Tour Edge is one of the most interesting OEMs out there. Its stable of tour players plies its trade exclusively on the Champions Tour and the company’s marketing leans into that, heavily featuring household names like Tom Lehman, Scott McCarron, and Bernhard Langer. But it would be a mistake to peg its offerings as “seniors clubs.” Case in point, Matt Saternus has a CBX hybrid in his bag that has stubbornly refused to be dislodged [full WITB HERE]. I took a look at the C721 driver to see if it might be worthy of going in yours.
The visual aspect that stands out most about the C721 is the shape of the clubhead. It has a stretched back look that makes it clear the driver intends to deliver on its promise of “Xtreme MOI”. It appears quite large addressing the ball.

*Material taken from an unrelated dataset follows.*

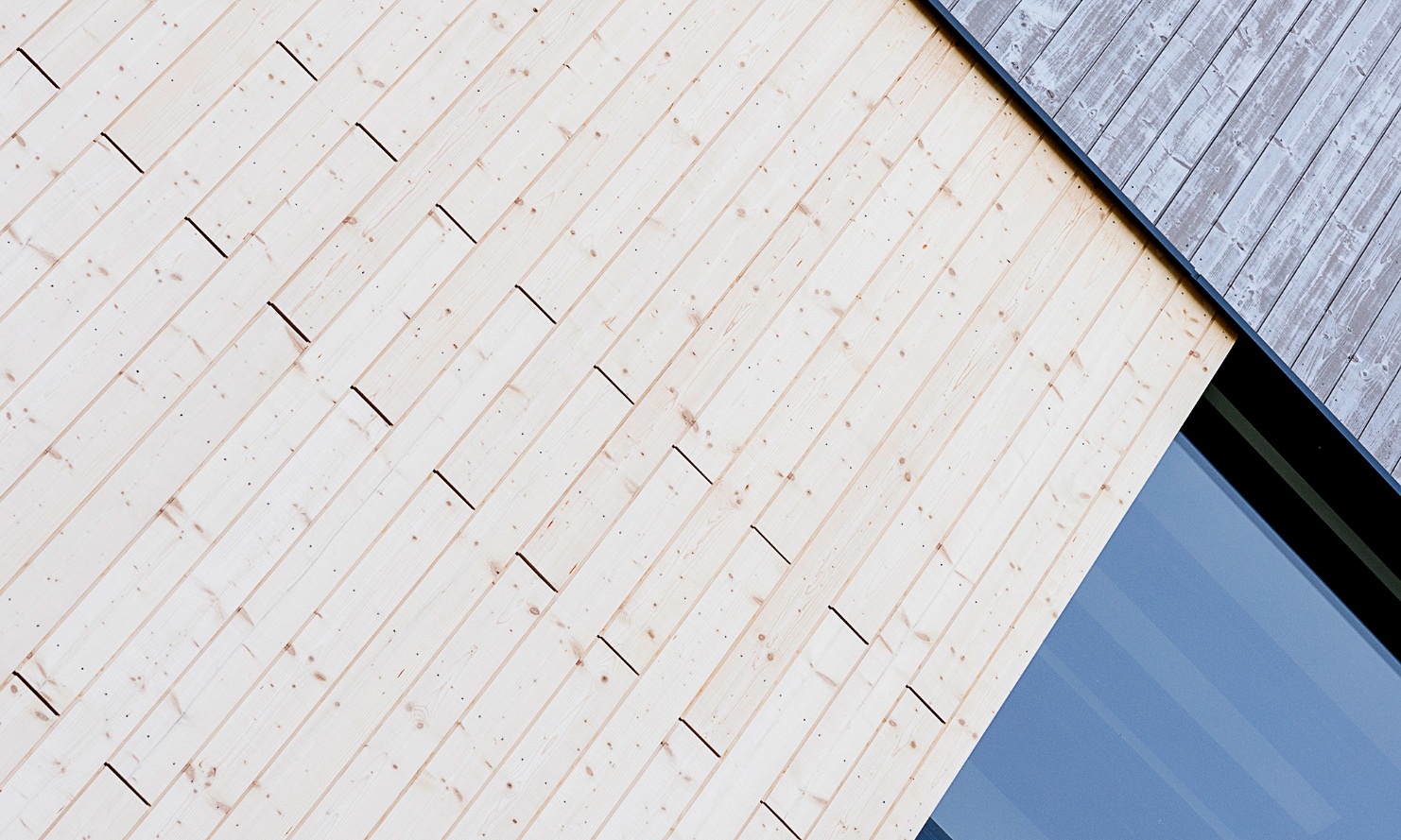 Vue détaillée de la façade de la centrale électrique avec une comparaison directe des différents traitements de façade; bois pré-gris et bois traité UVood.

By today’s standards, the face appears about average in height.
Elongated profile aside, there’s not a lot of flash to its looks. The familiar “E” alignment aid is present and while it’s maybe not my first choice for something to line up the ball with, it works fine. The crown has two carbon fiber wings split by a titanium spine that widens at the back of the club. This is what the company is calling Ridgeback Technology.
Sound & Feel
The sound of impact is a rich and full metallic ‘bang’. There’s a sense of soft receptiveness at impact, but the ball rockets off the face.
Feedback on strike location through the hands is moderate. You need to really miss one if you’re looking for some sort of strong indicator of where exactly you hit it.
Occasionally it takes me a while to figure out, “What kind of club is this, for me?” With the C721, I produced consistent, reliable performance right away. The first word that comes to mind is straight. In the fitting bay and on the course, good swings produced low spinning drives that were rope straight. They also tended to be a little lower flying than I would prefer, and I suspect that may have been improved with a slightly more active shaft (more on that below).
The C721 also provides a world-class level of forgiveness. While this driver may be in the hands of perennial winners on tour, your ball-striking does not need to be surgically precise in order to make this club work. On below average swings, the driver helped me keep the ball on the planet and produce something I could work with for my second. Clearly, the work Tour Edge has done to move the weight back has proven helpful for me.
One of the selling points of the C721 is the impressive range of stock shafts available. Tour Edge tested numerous shafts in combination with this head to determine ideal fits for a range of swing speeds. While I ended up testing the HZRDUS RDX Smoke Black, my swing probably doesn’t have quite enough speed and getting into the Blue instead may have helped me launch it a bit higher and create a bit more spin.
The C721’s forgiveness and consistency are things that every golfer searches for. Providing up to two degrees of adjustability in three lofts, it will be easy to dial in ideal specs. Visually, it certainly has a large footprint and golfers will need to see it in person to determine if it fits their eye or not. The company’s approach to stock shafts for this club has to be applauded. Tour Edge’s website details the specs of each shaft and makes a recommendation for which is likely to provide the best fit for golfers based on their swing speed [check it out HERE].